Promotional Products Magazine 2007

Fundraising in Australia for school and clubs is becoming increasingly professional and well organised. The old-style home bakes and craft stalls are now being challenged by gala events, branded products and slick sponsorship proposals. Mandy Stevens, Managing Director of Direct Publications Pty Ltd explains.

Promotional products are an emerging trend in Australian fundraising and, handled in the right way by both community groups and product suppliers, can be a very effective and profitable alternative.
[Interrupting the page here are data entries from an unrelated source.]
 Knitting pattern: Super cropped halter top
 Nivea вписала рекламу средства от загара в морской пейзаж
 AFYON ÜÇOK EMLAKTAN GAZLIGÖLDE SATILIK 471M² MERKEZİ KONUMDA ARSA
Schools and clubs are looking to promote themselves with a consistent professional image – and this ‘branding’ revolution is no longer simply the domain of private schools and elite sporting clubs. A school with a strong profile is in a better position to attract very important support from local businesses. The perception is likely to be that a well-organised school is in a better position to promote the business to the school community.

Promotional products are a way for schools and clubs to raise money while at the same time reinforcing their branding. Popular branded products range from the traditional caps and key rings to memory sticks, silicone wristbands and watches. An increasingly sought-after product is the lanyard, which is used to carry flash drives, pens, locker keys and passes, while printed or embroidered shirts and caps are as in demand as ever for sporting teams and clubs.
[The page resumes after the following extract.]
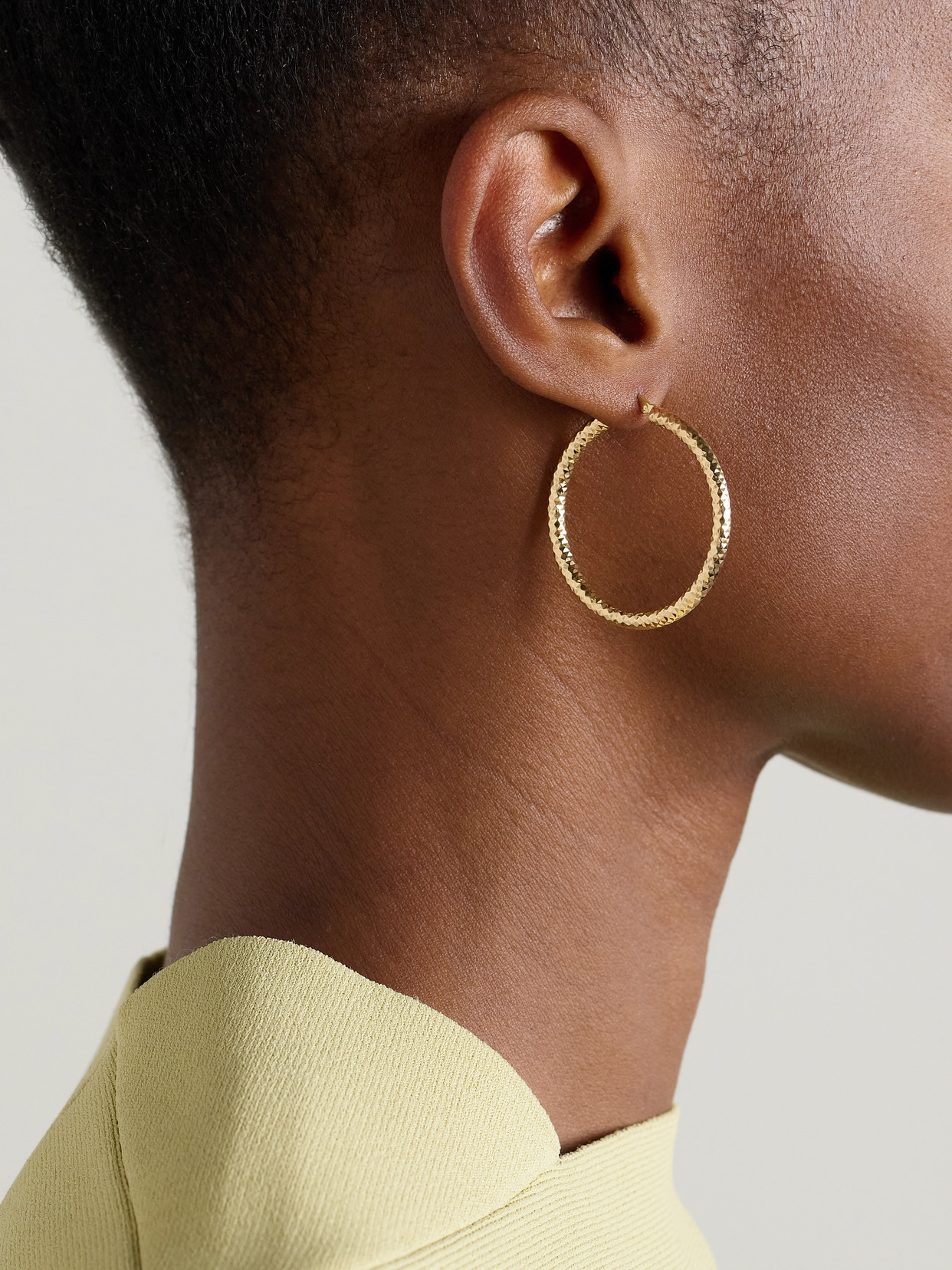 Stone And Strand Bold Sparkle Medium 14-karat Gold Hoop Earrings In Gold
The profit margins that are available from promotional products are also an attractive feature of the choices to be made. Most fundraising programs range from a 15- 40% profit margin, whereas, depending on the choice of goods, promotional products can provide a mark-up of greater than 100%.

The major deterrent for many schools and clubs is the up-front cost involved in purchasing promotional products. Structuring a deferred or a periodical payment plan can ease this burden and break down the barrier to entry. This option should only be entertained where the products are to be used for a concerted fixed­ period fundraising campaign and not where they will be used as stock for a uniform or gift shop. Turnover should be reasonably likely in order to minimise risk to the provide• under this model.

Promotional products can also simply be bought by schools or clubs and sold in an informal manner, or a promotional product company can take the time to set up an established fundraising program. This may involve providing order forms, posters and a structured reward system.

A reward system involves having certain prizes available when targets are reached. It is frowned upon in some circles to provide incentive prizes directly to children that are anything other than nominal in value as it is thought that this encourages an inappropriate level of competitiveness and can lead to unsafe practices such as door-to-door selling. A preferred approach is to offer nominal prizes to children such as stickers and then offer a larger prize to the organisation if a global target is reached. This prize can then be used for a participation prize draw or a raffle.

In addition, other tools that can assist in the marketing of promotional products include providing some standard wording that can be inserted into newsletters and flyers. This can greatly assist those organising the fundraising – often time-poor volunteers. Packaging can also help, for example counter displays or carry cases that are designed to make it easier to sell products.